Many more such examples exist.
We can safely assume that some of the examples raised above deviate from the interpretive boundaries brought down in the ruling, and it is quite reasonable that the Tax Authority objects to some of them, since the ruling relates only to the combination of the provisions of profits available for distribution and the possibility of obtaining underlying tax credit at the actual time of dividend distribution, for the purpose of avoiding unreasonable effective taxes.
Thus, in the event of the alternative between dividend vs. capital gains (before or after the relevant tax event), make sure to carefully examine how the ruling would apply in the particular case.
Another interesting point in the ruling is the term “tax”, defined in the Tax Ordinance as “… either personal income tax or corporate income tax imposed under this Ordinance (hereafter known as “Israeli Tax”). According to this, logical language dictates that any time the Ordinance refers to the term “tax” it is referring to Israeli tax. Yet in the ruling the court preferred the intentional interpretation and not the literal one, as we described above, and this interpretation may require viewing taxes paid abroad also as “Israeli tax”. This paved the way for defining foreign corporate profits as profits available for distribution for purposes of carrying out provisions of the clause, and in the words of the ruling itself: “… to include in the term ‘tax’ any tax taken into account as part of the overall taxation method… Therefore, foreign taxes, too, although they are not ‘imposed’ by the Ordinance, but are ‘imported’ into the Israeli taxation method by means of granting an exemption at the time of dividend distribution, is considered ‘tax’ for this purpose, and should be seen as such”.
The judge mentions in the ruling that “the legislator is not to be held as one who has created a masterpiece in all that relates to formulation of tax provisions, and especially in international taxation”
We can sum this up as follows: First, we cannot establish categorically that every use of the term “tax” in the Ordinance includes foreign taxes.
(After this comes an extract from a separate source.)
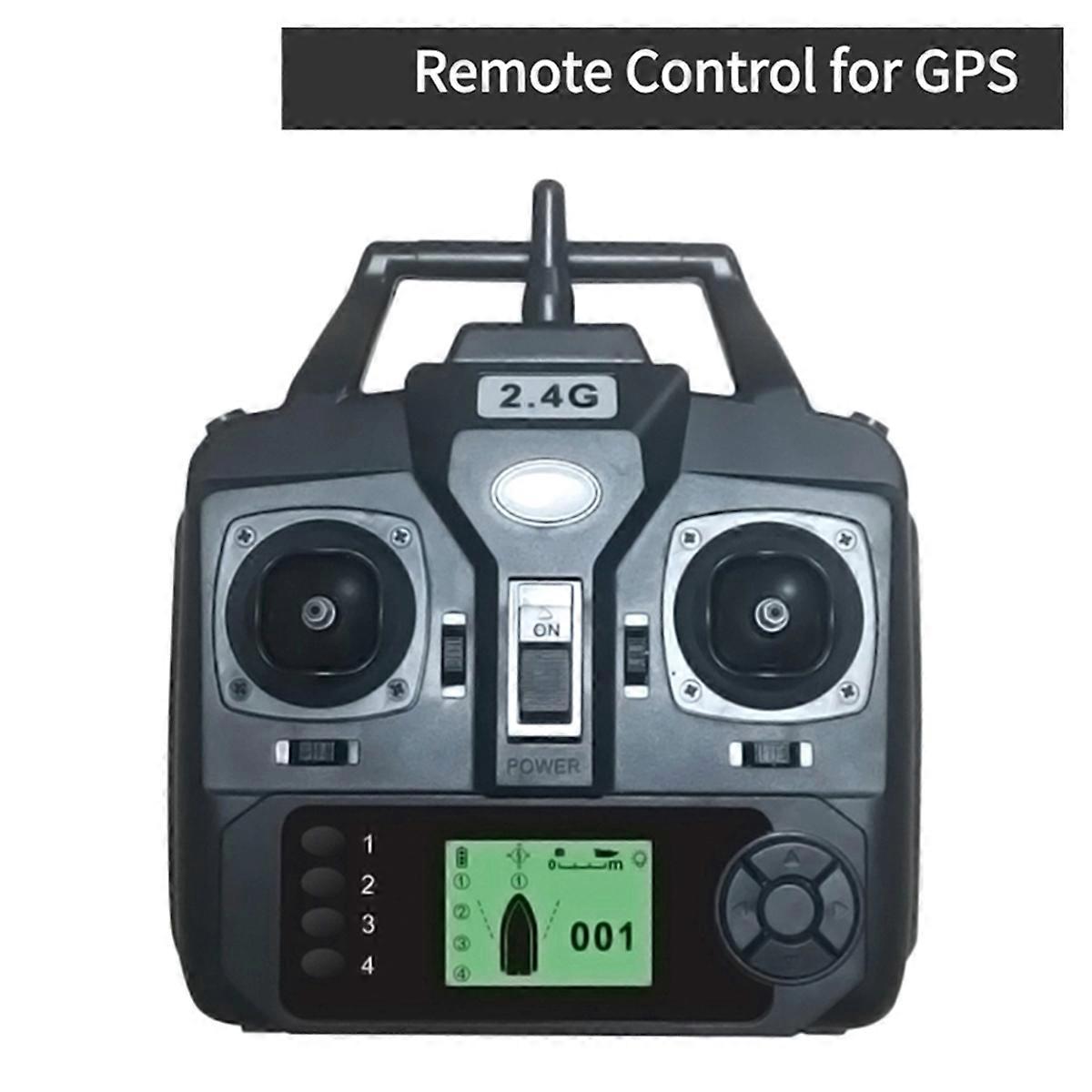 Vissen Aas Boot Afstandsbediening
But neither should we conclude the opposite – that use of the term “tax” always excludes foreign taxes. And so, the question of whether foreign taxes must be taken into account as part of the definition of the term “tax” must be examined based on context and on the purpose of the clause under consideration. Many examples could be found on the ramifications that this ruling could have on the definition of the term “tax” in the Ordinance, and in relevant cases it would be advisable to consult with experts to determine whether foreign taxes can be viewed as “Israeli taxes”. Each case, of course, must be addressed individually.